Cinquant’anni fa, gli Stati Uniti cominciarono a riempire il vuoto lasciato dal ritiro inglese dal Golfo Persico e assunsero il ruolo di «mediatore di pace» della regione. Nonostante i difetti, durante questo periodo la leadership degli Stati Uniti ha ottenuto alcuni risultati storici (gli accordi di Camp David del 1978 tra Egitto e Israele, la liberazione del Kuwait del 1991, la salvaguardia delle esportazioni petrolifere in un’epoca di intensi conflitti, ecc.). Ora, tuttavia, la tesi di un «interesse vitale» degli Stati Uniti nel promuovere la pace e la sicurezza nel Medio Oriente «si sta sgretolando sotto il peso del mutamento dei mercati energetici e dei costi umani e finanziari di guerre apparentemente interminabili». E non c’è «scontro di civiltà» che tenga. Racconta Fareed Zakaria che nel 2007, quando George W. Bush ha annunciato il «surge» spedendo migliaia di soldati in più in Iraq, un amico cinese con gli agganci giusti gli disse: «Ci auguriamo che voi mandiate l’intero esercito americano in Iraq e che ci resti per altri dieci anni.
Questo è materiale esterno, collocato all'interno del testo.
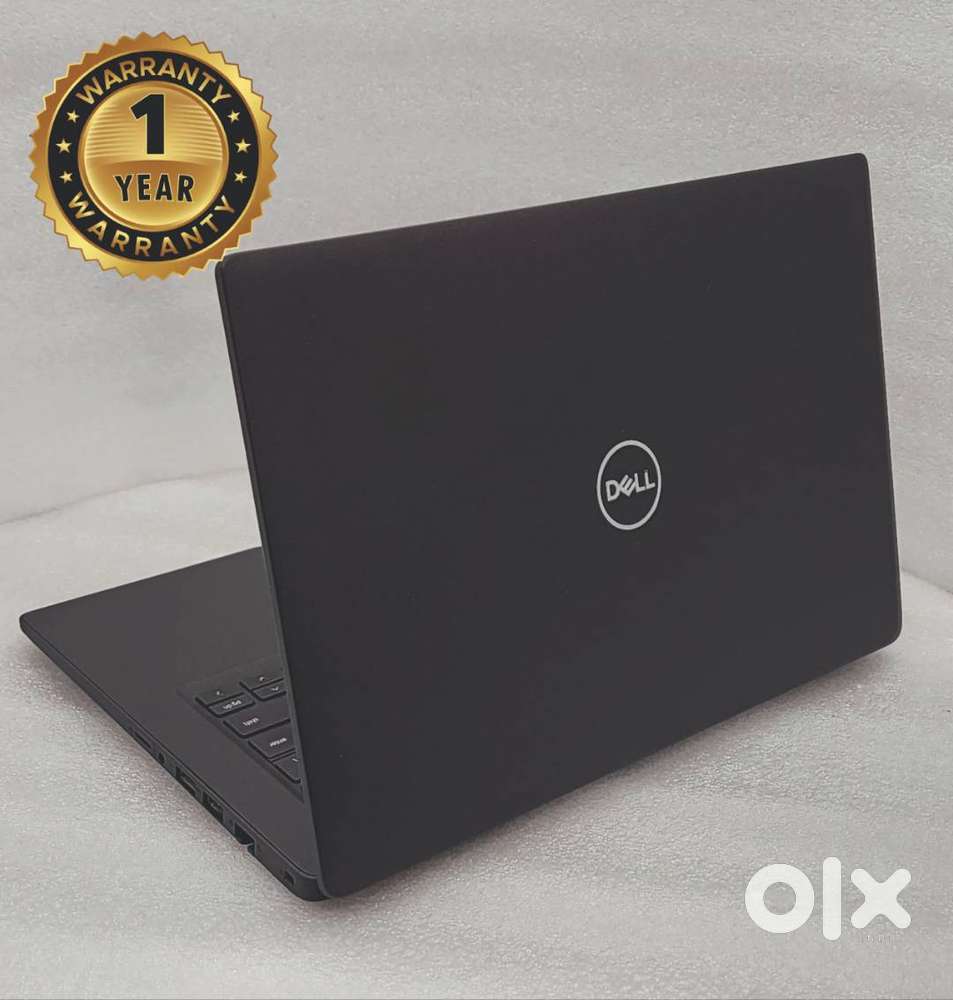 Diwali Dhamaka! Dell Latitude 3410. i5 10th / 16GB RAM / 512 SSD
Nel frattempo, continueremo a costruire la nostra economia». Perché stupirsi se ora la stragrande maggioranza degli americani pensa che farsi trascinare di nuovo nella palude e impelagarsi nelle liti degli altri, perdere un altro decennio mentre la Cina e gli altri vanno avanti, sarebbe la strada più sicura per il declino strategico dell’America? Che poi l’America possa davvero appendere le scarpe al chiodo è un altro paio di maniche.
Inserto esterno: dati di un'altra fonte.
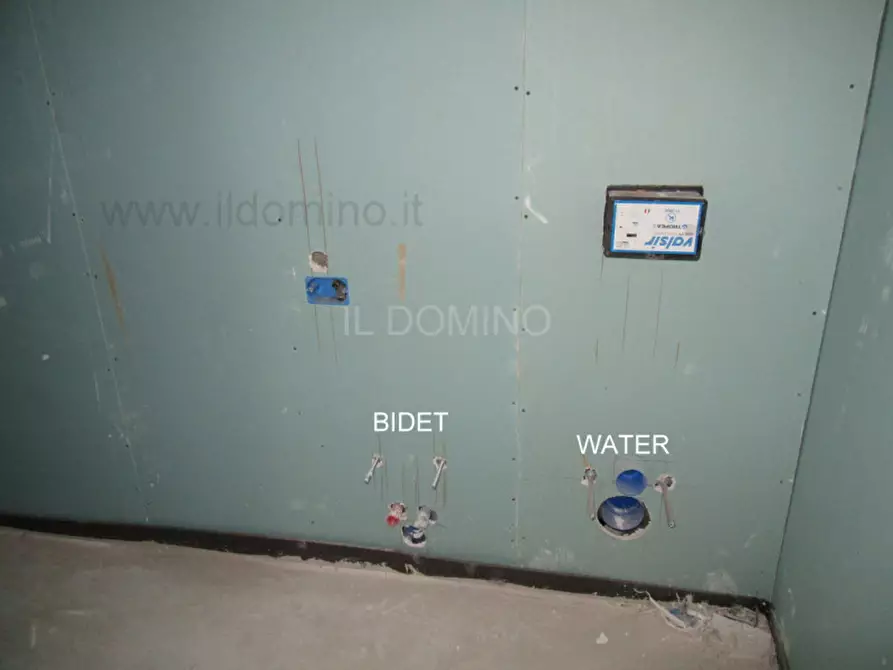 Immagine 31 di Appartamento in vendita  in Via Savonarola a Padova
Ma da questo lato dell’Atlantico non possiamo continuare a mettere la testa sotto la sabbia. Il guaio è che all’Europa calza a pennello un altro celebre dramma: la scena al termine del secondo atto della più celebre opera teatrale di Samuel Beckett, quando rientra il ragazzo che avverte che anche oggi il Signor Godot non verrà. Il ragazzo esce e Vladimir ed Estragon rimangono lì mentre dicono «Allora andiamo?» – «Andiamo». Ma l’indicazione scenica che mette fine al dramma recita «Non si muovono».